## What to do
Could you repeat the data word for word while skipping the pictures?

## Given data
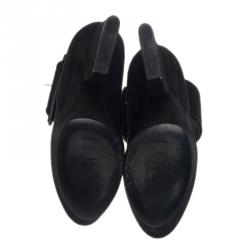 Pre Owned Celine Black Suede Ankle Strap Platform Pumps Size 38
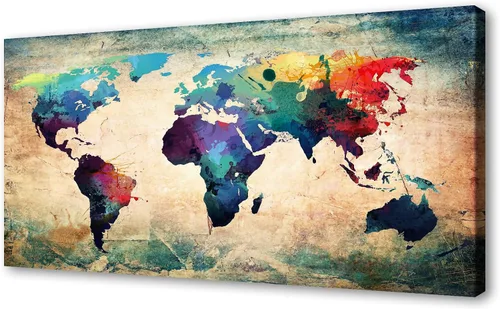 Miniatura 12 de B0550 - Póster de mapa del mundo, lienzo para pared, diseño moderno enmarcado del mundo, decoración de oficina en casa, mapas, impresiones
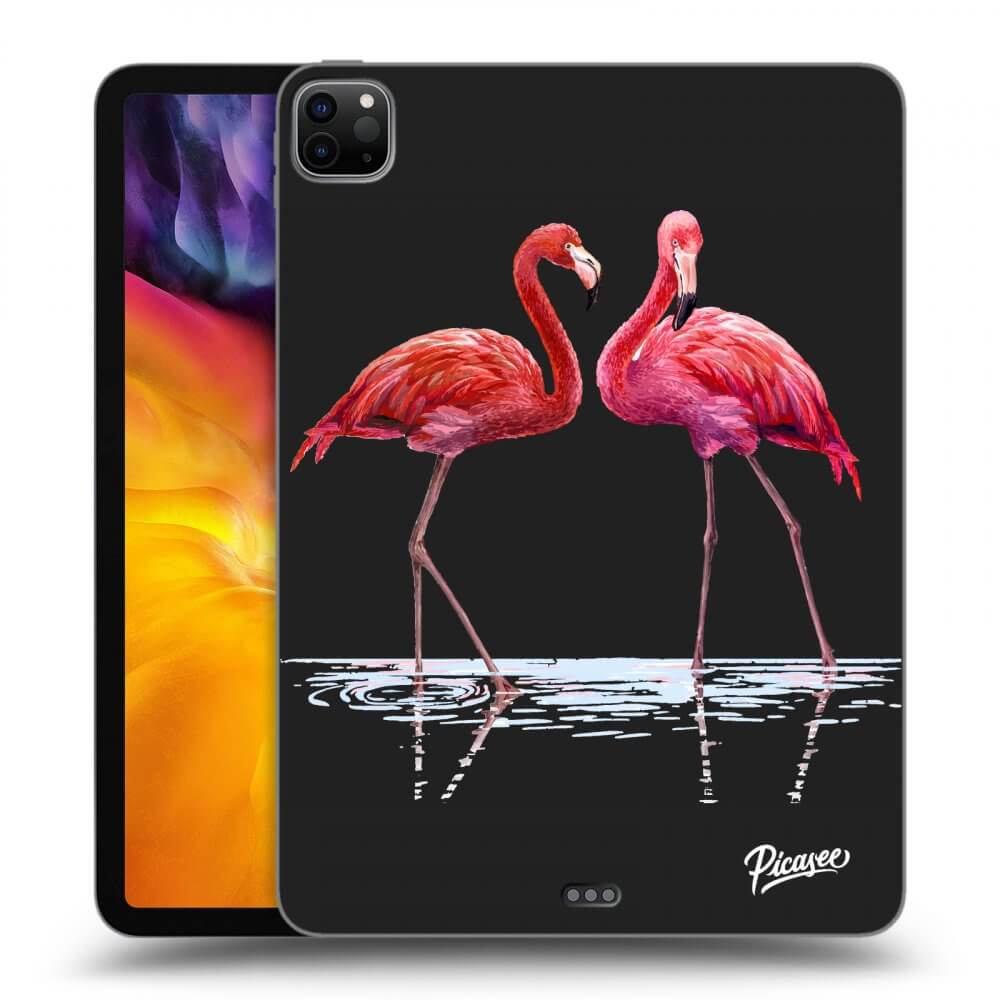 Picasee silikonowe czarne etui na Apple iPad Pro 11" 2022 M2 (4.generace) - Flamingos couple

## Answer to the exercise
 Pre Owned Celine Black Suede Ankle Strap Platform Pumps Size 38
 Miniatura 12 de B0550 - Póster de mapa del mundo, lienzo para pared, diseño moderno enmarcado del mundo, decoración de oficina en casa, mapas, impresiones
 Picasee silikonowe czarne etui na Apple iPad Pro 11" 2022 M2 (4.generace) - Flamingos couple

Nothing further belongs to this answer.